> **The task**: The data below contains pictures, which are to be skipped; the lines starting at the line with "체크 무늬 드로우스트링 플랩 백팩" and ending at the line with "PALASH Embroidered Saree Blouse, White" are to be output exactly, both ends included.

> **Records for processing**:
[Start of section]
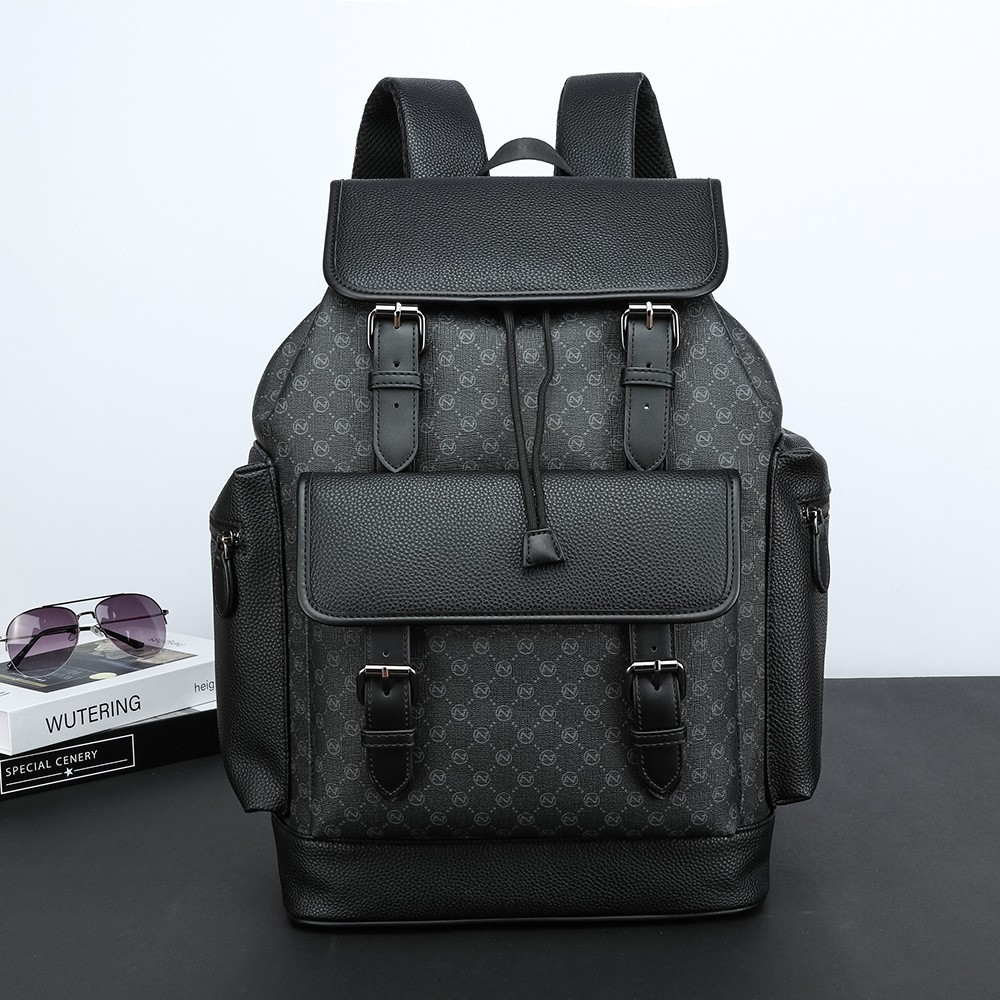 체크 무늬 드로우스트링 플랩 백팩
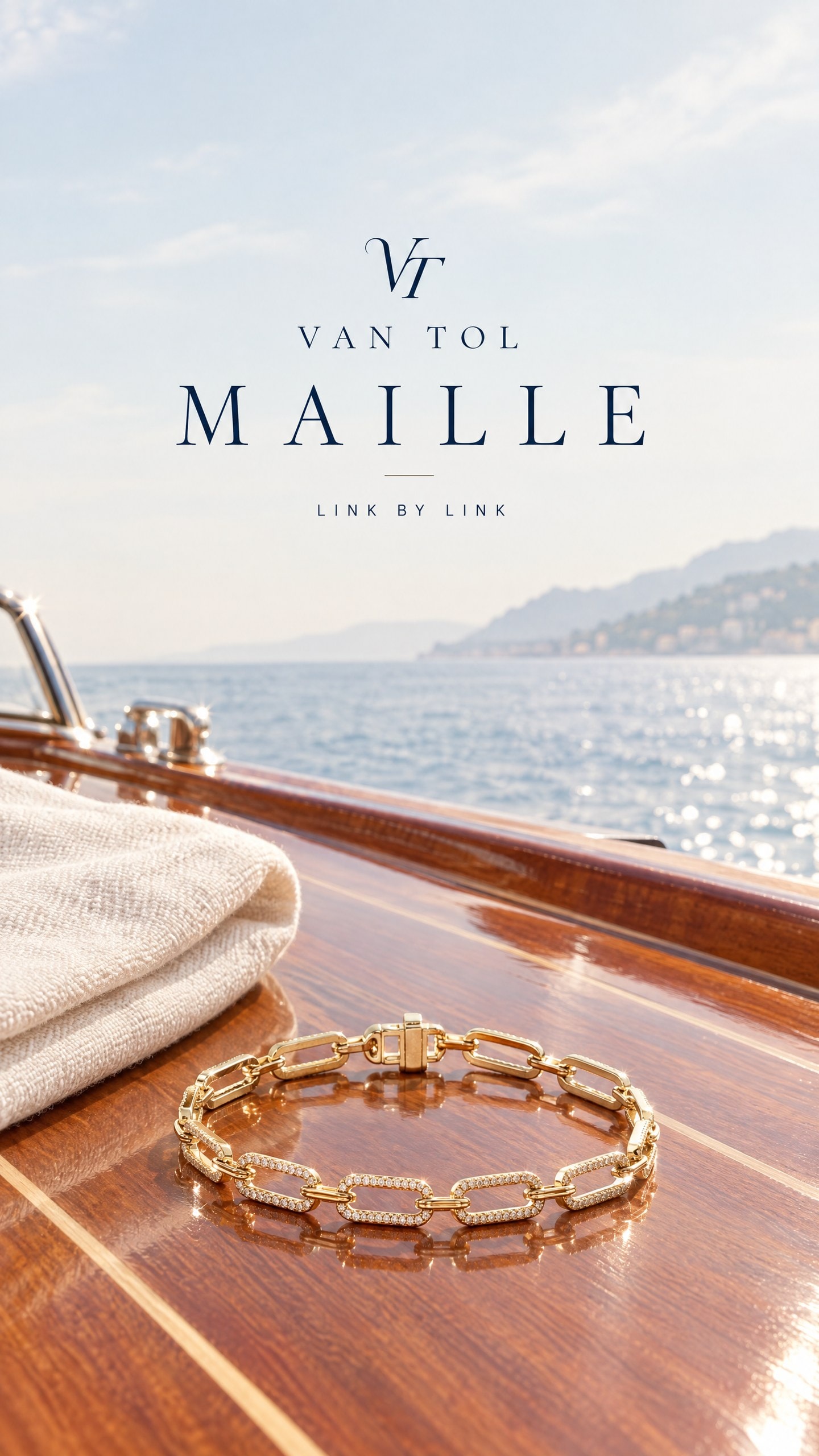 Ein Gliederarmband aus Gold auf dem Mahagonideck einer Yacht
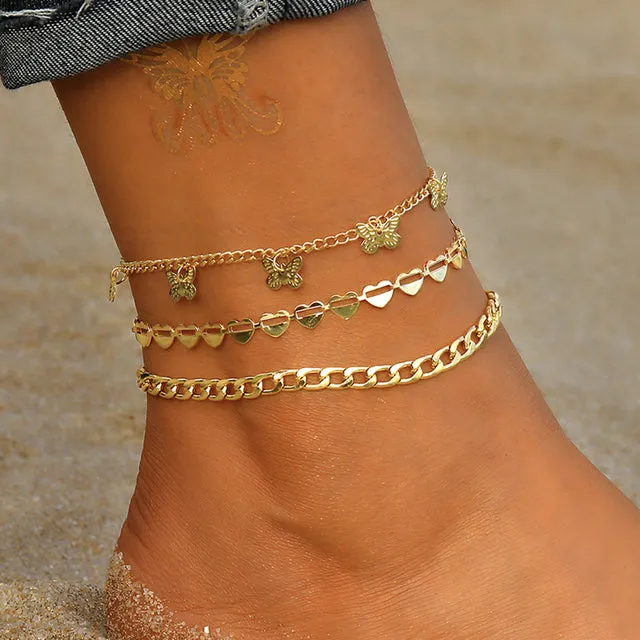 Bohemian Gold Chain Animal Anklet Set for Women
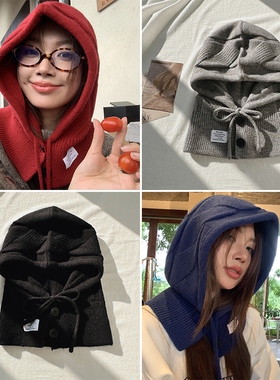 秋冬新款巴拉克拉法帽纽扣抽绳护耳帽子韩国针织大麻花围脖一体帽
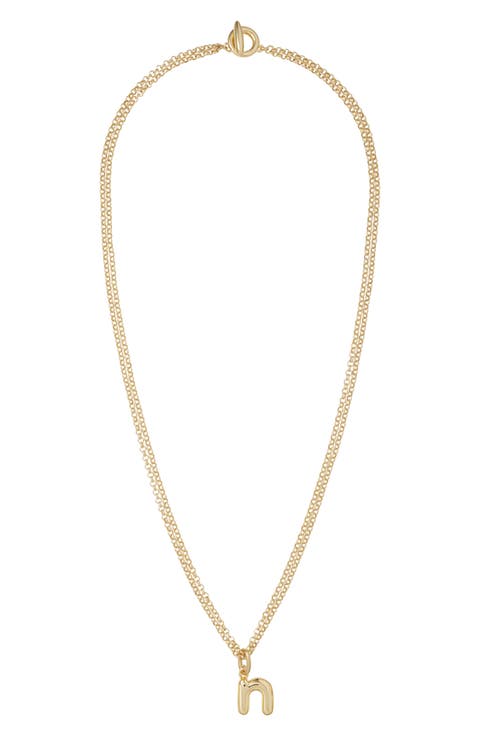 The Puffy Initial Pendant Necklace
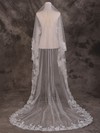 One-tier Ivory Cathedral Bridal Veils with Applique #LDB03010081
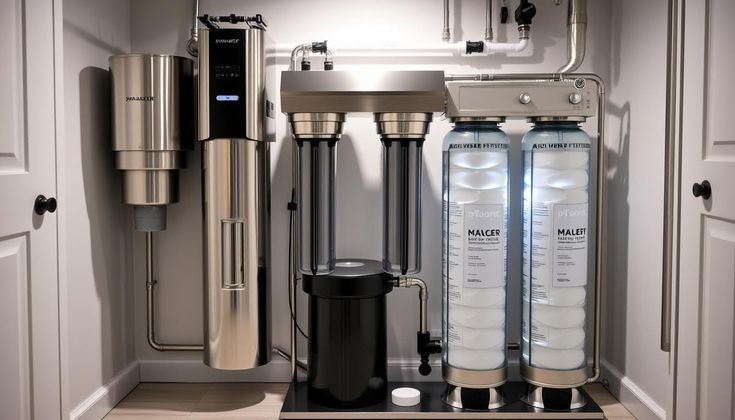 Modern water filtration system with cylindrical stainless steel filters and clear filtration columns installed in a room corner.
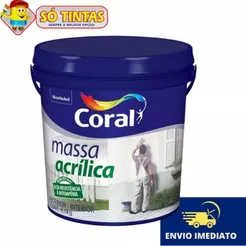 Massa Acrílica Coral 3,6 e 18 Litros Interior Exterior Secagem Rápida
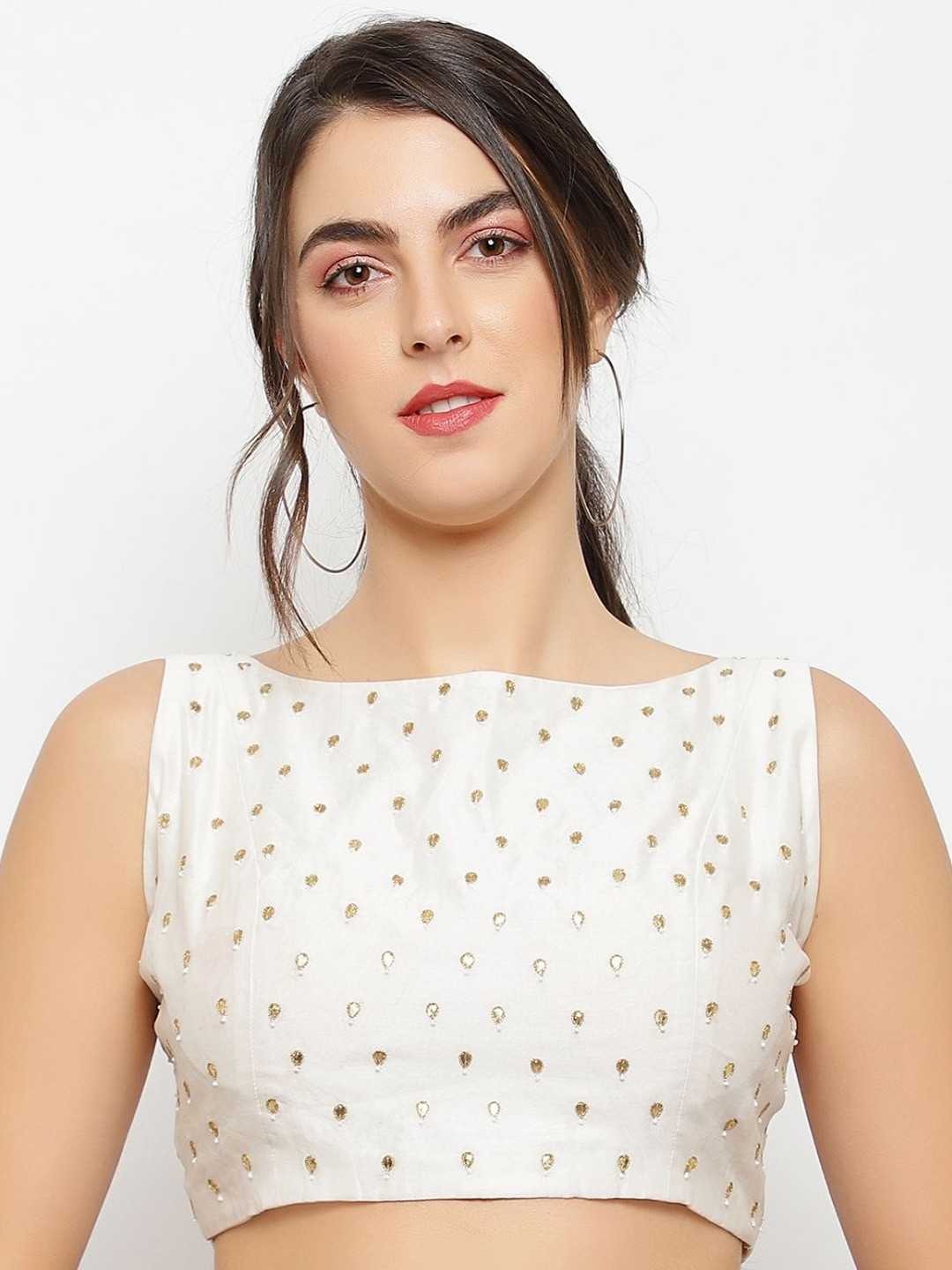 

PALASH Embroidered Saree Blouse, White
[End of section]
[Start of section]
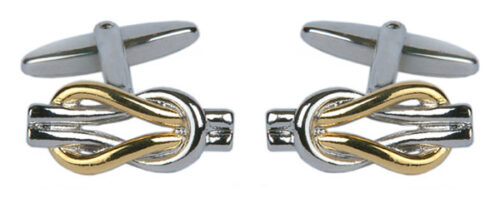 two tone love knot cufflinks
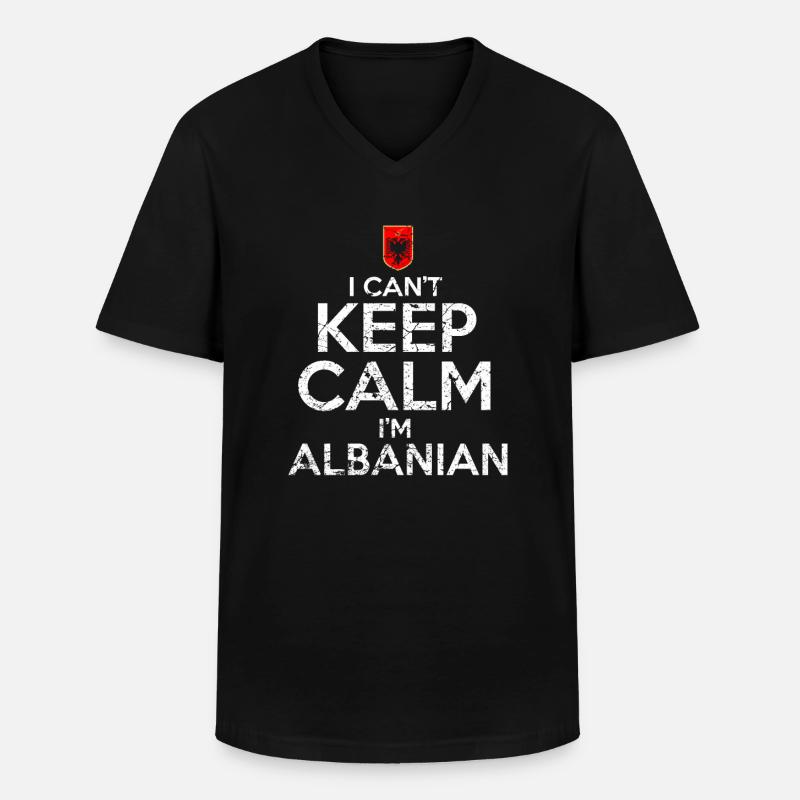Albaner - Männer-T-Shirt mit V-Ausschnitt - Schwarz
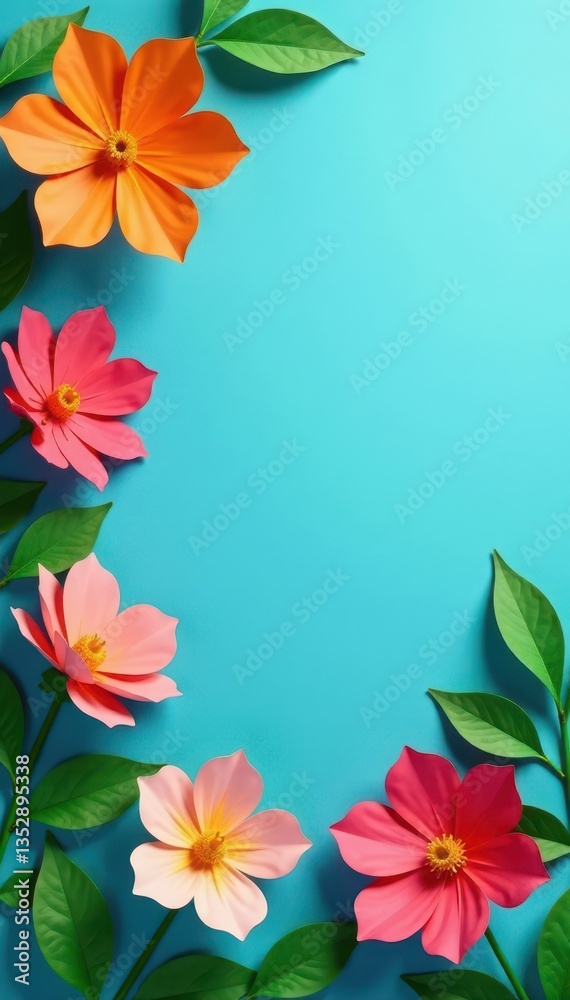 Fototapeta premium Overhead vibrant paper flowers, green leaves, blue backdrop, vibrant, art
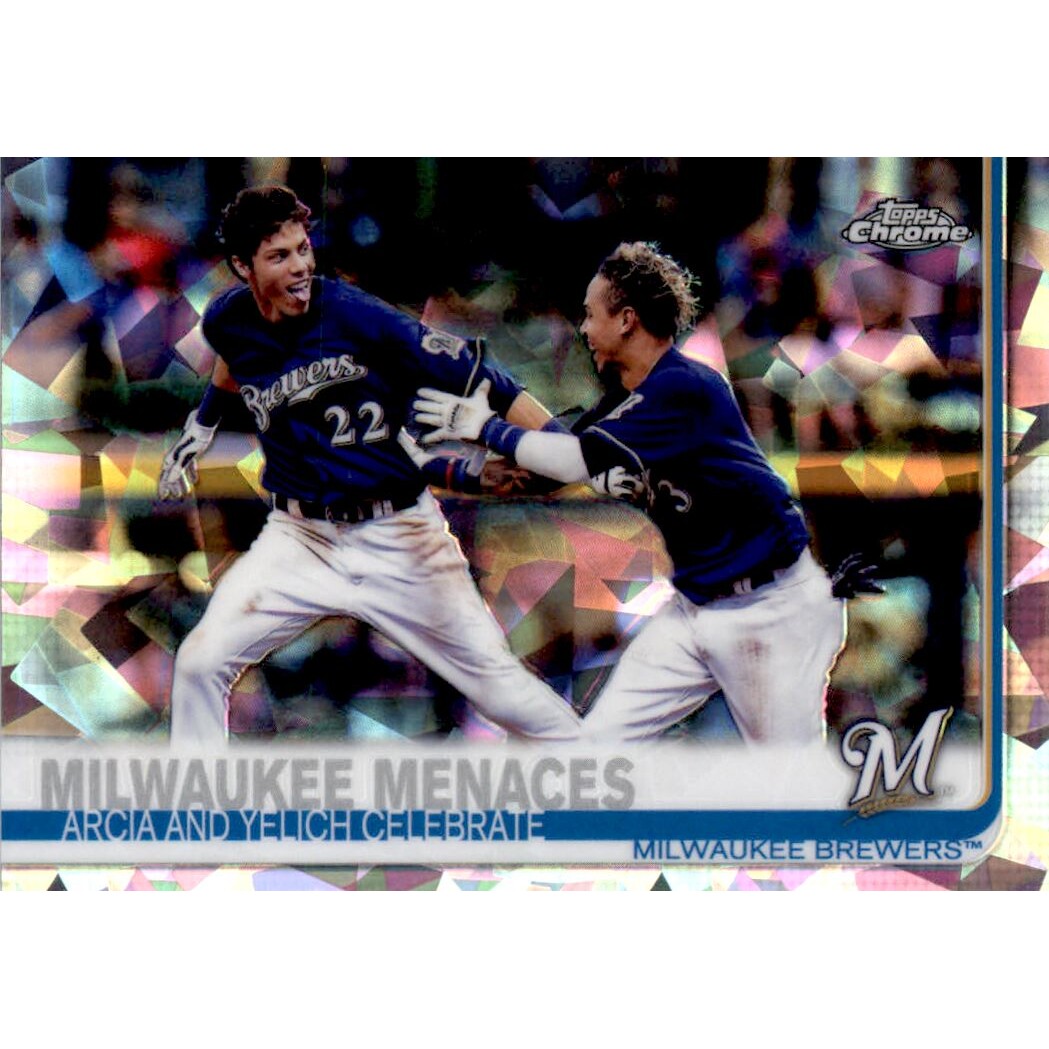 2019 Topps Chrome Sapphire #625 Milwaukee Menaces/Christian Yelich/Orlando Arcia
[End of section]
[Start of section]
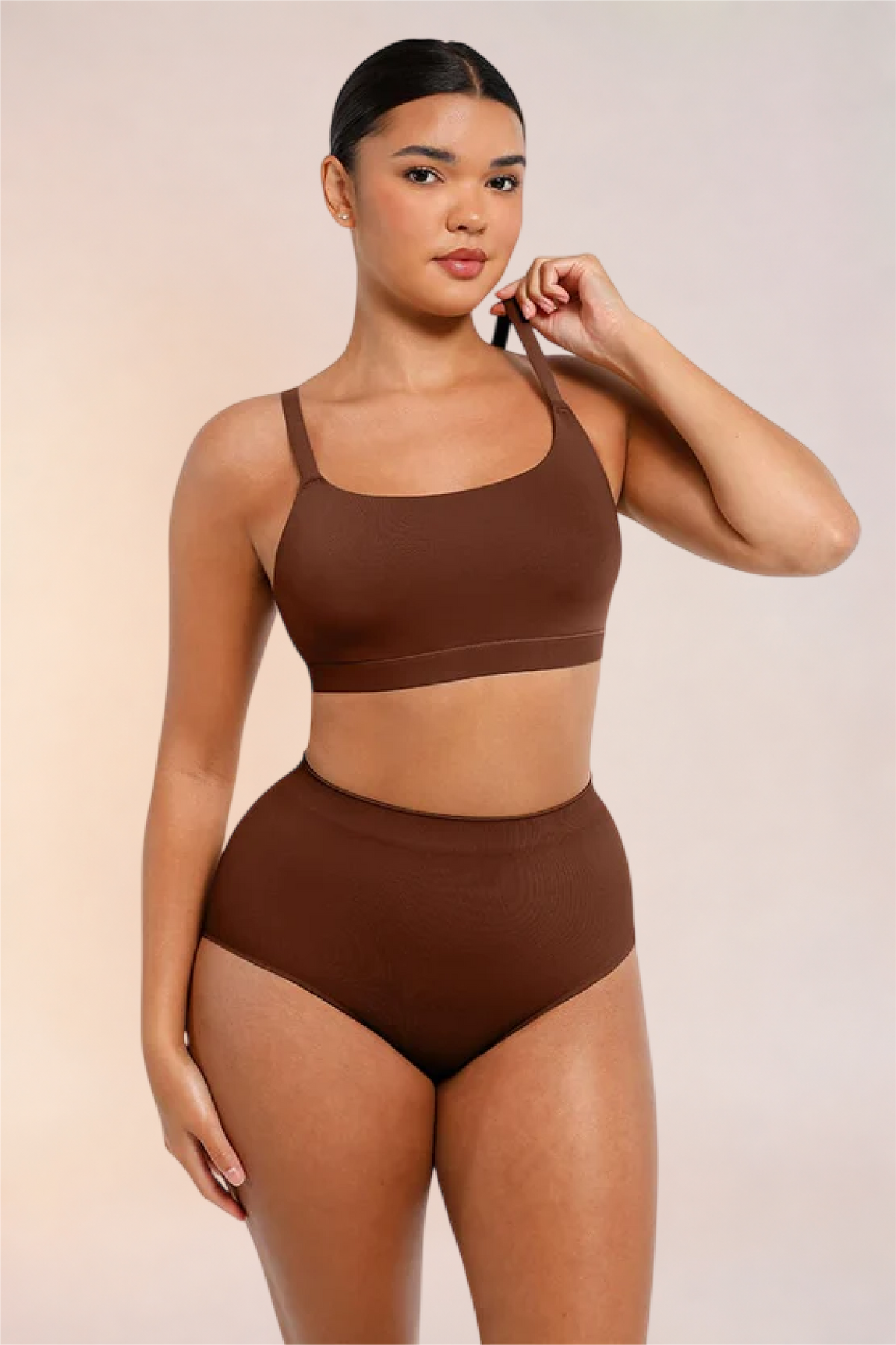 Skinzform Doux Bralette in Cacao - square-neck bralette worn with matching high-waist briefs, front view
[End of section]
> **Response**:
 체크 무늬 드로우스트링 플랩 백팩
 Ein Gliederarmband aus Gold auf dem Mahagonideck einer Yacht
 Bohemian Gold Chain Animal Anklet Set for Women
 秋冬新款巴拉克拉法帽纽扣抽绳护耳帽子韩国针织大麻花围脖一体帽
 The Puffy Initial Pendant Necklace
 One-tier Ivory Cathedral Bridal Veils with Applique #LDB03010081
 Modern water filtration system with cylindrical stainless steel filters and clear filtration columns installed in a room corner.
 Massa Acrílica Coral 3,6 e 18 Litros Interior Exterior Secagem Rápida

PALASH Embroidered Saree Blouse, White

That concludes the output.